Which essentially is this: with the expected return of both Jason Peters and Todd Herremans next season, Kelly could possibly fill a King Dunlap sized hole on the roster. No one is going to pretend that Dunlap, though he played well in this most recent loss to the Cowboys, is the player the front office would prefer as the swing tackle, and first guy off the bench in case of an offensive line injury.
He’s got size obviously, but his height makes nearly all his movements seem awkward and difficult, which allows both speed rushers to angle their bodies so that his inability to bend his knees renders him nearly useless as they run right around him (this is why he had those hands to the face penalties in the first game against the Cowboys), and leverage guys to easily get under his pads and push him around.
Kelly is big, but not in an awkward sense. His frame is bulky, but he’s clearly got a lot of strength to his lower body, allowing him to anchor. He essentially neutralized Anthony Spencer on Sunday night, holding him to 5 tackles and no sacks.

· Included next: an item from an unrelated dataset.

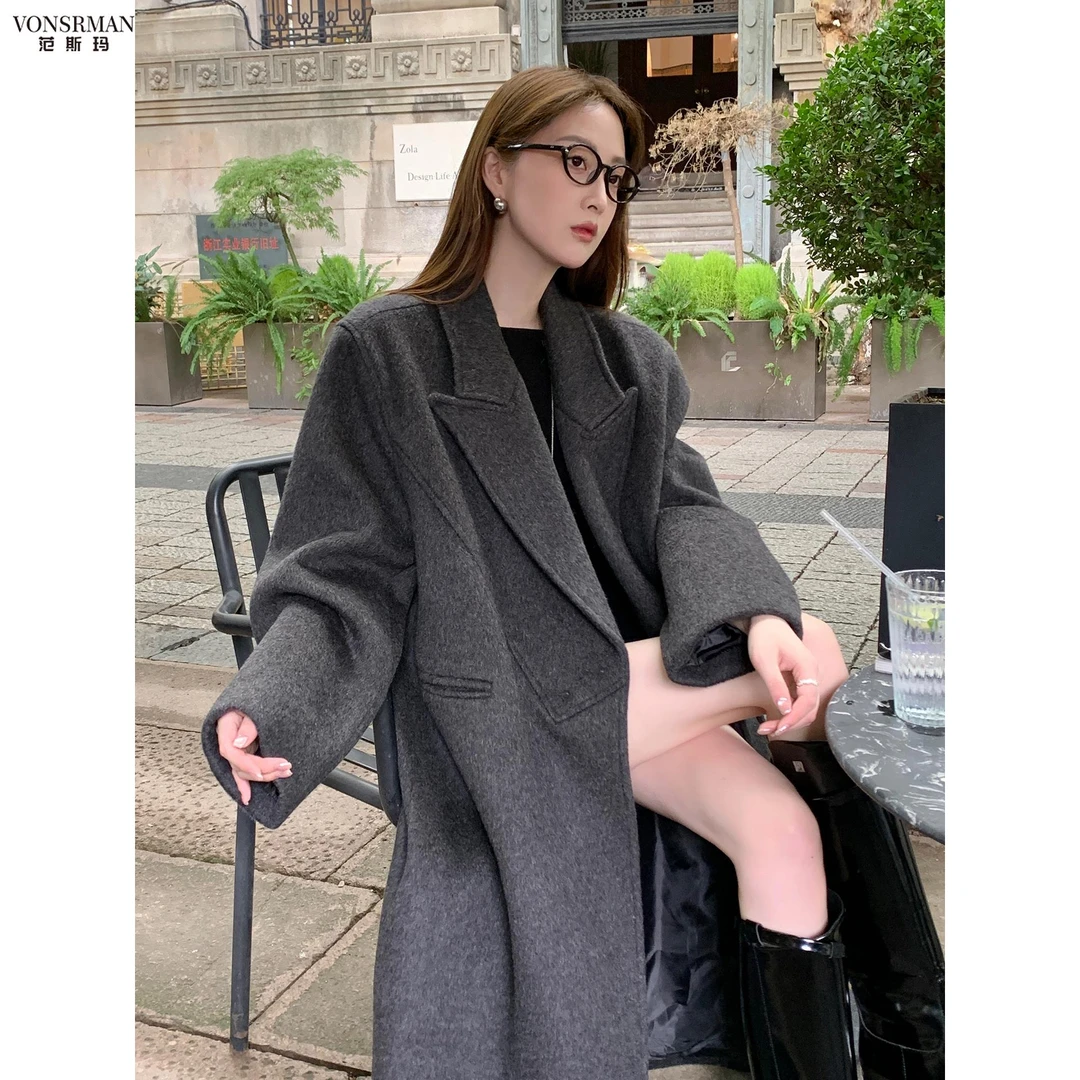范斯玛高级感灰色大衣女2025冬新款独特正肩呢子长款加厚毛呢外套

The best part about Kelly’s development is that it gives the Eagles flexibility. It’s still early, but if you search out mock drafts at this point of the year, many of them have the Eagles taking someone like Luke Joeckel, a tackle out of Texas A&M.
And while Joeckel is very talented and a prospect I wouldn’t be upset to see the Eagles grab, especially considering that Jason Peters will be 31 and Todd Herremans will be 30 by the time the 2013 season starts, if Kelly proves that he’s at the very least a competent back-up, it frees the Eagles to allocate draft resources elsewhere.
Like say, on a defense that’s become historically bad, allowing opposing quarterback’s to roll up a 152.4 rating on third down in the past six games.
There’s even the off chance Kelly’s development could take him into starter territory, allowing Herremans to return to his original NFL position of guard and further strengthening a unit that has become a serious liability this season, lessening the need to spend an early draft pick on an offensive lineman.
Of course, all of this is projection and there’s no telling where Kelly will end up or what type of player he’ll turn out to be. But there’s one thing for certain; this 2012 draft class has the chance to be a once in a lifetime group, with Dennis Kelly just another in a line of guys with bright futures, hopefully, in Eagles green.